I try to briefly discuss which software development practices are more suitable for improving the observability and maintainability of AI-generated code in the AI era. All articles titled “Pairing with AI for Programming” are just thoughts to get the conversation started, not a systematic methodology. I welcome readers’ corrections for any mistakes.

What Are the Common Problems with Using AI to Write Code?

Observability problem: AI’s implementation is incomplete and often requires manual modification of fragments

The biggest problem with AI-generated code is that it often introduces subtle errors that are not easily noticed by humans. When humans use prompts to modify code, due to the difficulty of observing AI’s behavior, even after fixing a bug, it may lead to other regression issues (causing errors in existing logic).

Context problem: lacking global context, fragmented code lacks connections

Due to token limits or economic considerations, many editors will optimize the input content, which can easily lead large models to misunderstand local context. They are unable to handle business logic across functional modules. Especially when the project becomes large, complex modules often depend on other modules, and adjusting business logic requires refactoring several code files.

Solution Approach

The core problems of AI-written code can be summarized as low maintainability caused by lack of observability and lack of context. To address these two problems, we need to first review how traditional software processes make code more observable and maintainable.

Human-Led Unit Testing

Unit tests are the specification for code. Complex business logic usually requires reading a lot of code to understand. But experienced programmers will look at the unit tests first. Good unit tests will completely write the module’s expected inputs and outputs into the test cases. In Unit Testing Principles, Practices, and Patterns, the author believes good unit tests should have:

The ultimate purpose of these principles is to ensure that the system under test behaves as expected.

When AI and humans collaborate on code, I personally believe that in writing unit tests, humans should lead (80%) and AI assist (20%), because unit tests define “the behavior I expect.”

Once unit tests are complete, they in turn guide the AI to implement the actual business code. At this point, human involvement decreases and AI takes the lead. Humans repeatedly run unit tests, while passing the test results along with the prompt to the AI, helping AI fix program issues.
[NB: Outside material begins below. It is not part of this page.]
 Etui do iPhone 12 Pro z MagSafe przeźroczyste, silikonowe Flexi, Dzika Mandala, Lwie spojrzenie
Writing AI-Friendly Tests Requires Good Module Design

When writing good tests, you also need to pay attention to correctly splitting modules. A good test typically gives an input and verifies whether the expected result is output. If a module depends on too many external environments for branching logic, the test output will heavily depend on external state. This reduces the module’s observability.
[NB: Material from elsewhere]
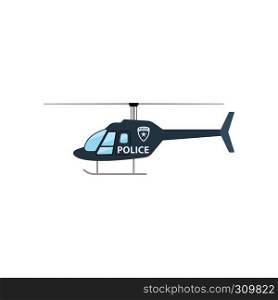 Police helicopter icon. Flat color design. Vector illustration.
The following two pieces of experience can help you write good code:

  1. When writing tests, test the result of the behavior, not the steps. When writing business code, ask AI to clearly write out the steps.

    The “unit” of a unit test doesn’t have to be a single class or function. It can be a group of operations completing an atomic piece of business logic. (Of course, there are different schools of thought supporting class-level testing, but that’s not the focus of this article.) To make AI-generated business code refactor-resistant, you should verify the result of the AI’s behavior, not every implementation step. Coupling test code with implementation steps means that business modifications will break existing tests, making the “expected behavior” constantly have to be modified along with the “specific implementation.”
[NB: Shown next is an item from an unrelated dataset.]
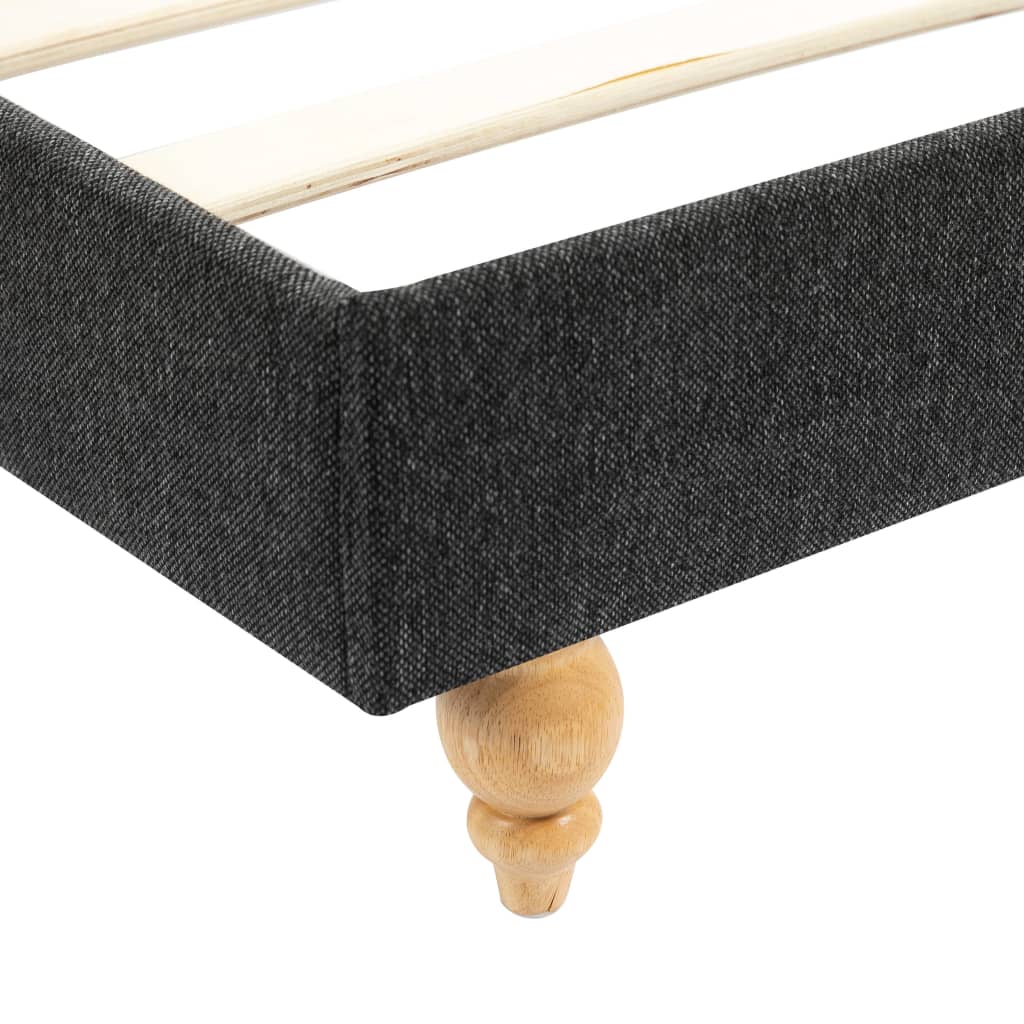 Bed Frame Dark Grey Burlap 153x203 cm Queen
    When AI starts writing business logic, you should drive it step by step, during which humans can correct the AI’s code logic for a particular step. But be careful not to break the test logic.

  2. Stateless code (functional) is the easiest to test

    Because its output is invariant. Core code should be kept as stateless as possible, with state and external system dependencies placed in the application service layer. Deep and hard-to-understand core logic should be placed in the domain service layer. The details here can refer to DDD (Domain Driven Design) thinking.

    functional_core.png
    functional_core.png

Summary

This article, as the beginning of a series on human-AI collaborative programming, attempts from a testing perspective to alleviate the observability issues of AI-generated code.

In future articles, I hope to discuss, from an architectural design perspective, how to design AI-friendly architectures that are easy to maintain context for.

The content of the article will continue to be updated over time, and discussion is welcome.